Justiz
Betrug: Abzocke mit kranken Pferden

76-Jähriger wird wegen Betrugs verurteilt, das Verfahren gegen seine Ehefrau eingestellt – die Geschädigten hadern damit.

03.05.2018 | Stand 16.09.2023, 6:04 Uhr

Ein Ehepaar musste sich vor dem Kelheimer Amtsgericht verantworten: Sie hatten Kranke Pferde als hochwertige Sportpferde verkauft. Foto: Weigert

Wegen gewerbsmäßigen Betrugs in vier Fällen – mit erheblichen finanziellen Verlusten für die Geschädigten – musste sich ein Ehepaar aus dem Landkreis Straubing vor dem Amtsgericht Kelheim verantworten. Zwischen Mai 2013 und November 2014 hatte das Ehepaar wissentlich kranke und für Sport ungeeignete Pferde als hochwertige, teils weltmeisterschaftstaugliche Dressur- oder Springreitpferde verkauft. Zudem hatten sie unter der Vorgaukelung von Zahlungsfähigkeit – indes hatten beide schon Jahre zuvor Offenbarungseide geleistet – einen Miet- und Pachtvertrag für einen Gutshof abgeschlossen, die Miete allerdings nach einmaliger Zahlung nicht mehr entrichtet (Einzelfälle im Infokasten). Gesamtschadenshöhe: 25 800 Euro.

Angeklagte gestehen Taten

Beide räumten vor Gericht diese Tatbestände vollumfänglich ein. Wobei dem 76-Jährigen alle vier, seiner 50-jährigen Gattin lediglich zwei Fälle zur Last gelegt wurden. Letztlich wurde das Verfahren gegen die Frau gegen eine Zahlung von 1200 Euro eingestellt, der Mann wurde zu einem Jahr auf Bewährung sowie einer Zahlung von 3000 Euro verurteilt. Auf Wertersatz wurde verzichtet. Diesen „Deal“ handelten Richterin Claudia Nißl-Neumann, die Staatsanwaltschaft und die beiden Strafverteidiger des angeklagten Ehepaares in zwei Rechtsgesprächen hinter verschlossenen Türen aus.
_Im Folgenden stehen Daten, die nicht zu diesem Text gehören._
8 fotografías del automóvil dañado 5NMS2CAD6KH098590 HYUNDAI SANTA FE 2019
Angeklagte wirken zufrieden

Die Angeklagten waren damit scheinbar glücklich: Zumindest fielen zwischen den beiden Wortfetzen wie „Schlau ausgehandelt“ oder „Hoch die Tassen“ – und der Verurteilte 76-Jährige versprach seiner Verteidigerin gar „eine Kiste Sekt“.
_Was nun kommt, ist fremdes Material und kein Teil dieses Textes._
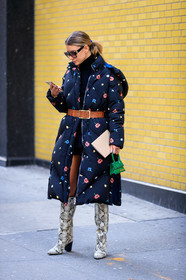 black coat, down jacket, floral printed coat, belted coat, camel leather belt, animal skin belt, animal skin boots, beige leather boots, gucci sunglasses, scale sunglasses, square shape glasses, big sunglasses, animal skin bag, mini bag, jacquemus bag, hand bag, fashion week, frenchystyle, FW, jonathan paciullo, street style, NYFW, NEW YORK, AUTUMN WINTER 2020-2021, FALL WINTER 2020-2021, FW 20-21, vertical, full length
Derartige Partystimmung mochte bei den Geschädigten, die zwar als Zeugen geladen, aber aufgrund der Geständnisse nicht gehört worden waren, nicht aufkommen. So etwa beim Ehepaar Nina und Andreas Wagner aus Österreich, bei denen sich das angeklagte Ehepaar einen Pferdehof gepachtet hatte. „Dass wir nicht entschädigt werden, war uns klar“, sagte Andreas Wagner nach der Verhandlung. „Dass aber das Verfahren gegen die Angeklagte eingestellt wird, das kann nicht sein. Sie war es, die im Hintergrund die Fäden gezogen hat.“

„Wir waren naiv und gutgläubig“

Das Ehepaar aus Österreich sei „damals zu naiv und gutgläubig gewesen, als sich der Angeklagte bei uns als ausgebildeter Pferdewirtschaftsmeister und Reitlehrer vorstellte. Aber es war halt ein älterer, netter Herr – da vermutet man keinen Betrug“, sagte Nina Wagner. Nach Abschluss des Pachtvertrags zogen die Angeklagten mit 15 Pferden auf dem Hof in Österreich ein. „Und es gab weit mehr Verkäufe, als die drei hier angeklagten“, sagte Nina Wagner. „Wir haben Kontakt zu knapp zehn Geschädigten in Deutschland und Österreich, haben selbst bereits ein Verfahren gegen das Ehepaar in Österreich gewonnen und noch ein weiteres laufen. Alleine bei uns geht es um knapp 30 000 Euro Schaden aus nicht gezahlter Pacht und Miete sowie dem Kauf eines Pferdes.“

Auch ein Verpächter aus dem südlichen Landkreis Kelheim – das Ehepaar pendelte für seine Geschäfte wohl zwischen Bayern und Österreich – war „auf ähnliche Weise auf das Ehepaar hereingefallen“, sagte er nach der Verhandlung. „Auch bei mir wurde die Miete und Pacht lediglich am Anfang komplett beglichen, dann oft nur stückchenweise oder meist eben gar nicht. Dabei lief scheinbar das Geschäft. Sie zogen mit 32 Pferden in mein Objekt ein – und es wurden stetig welche verkauft.“ Unter den verkauften Pferden seien „auch welche gewesen, die ihnen gar nicht gehörten, sondern lediglich zur Pflege untergestellt waren“, sagte er.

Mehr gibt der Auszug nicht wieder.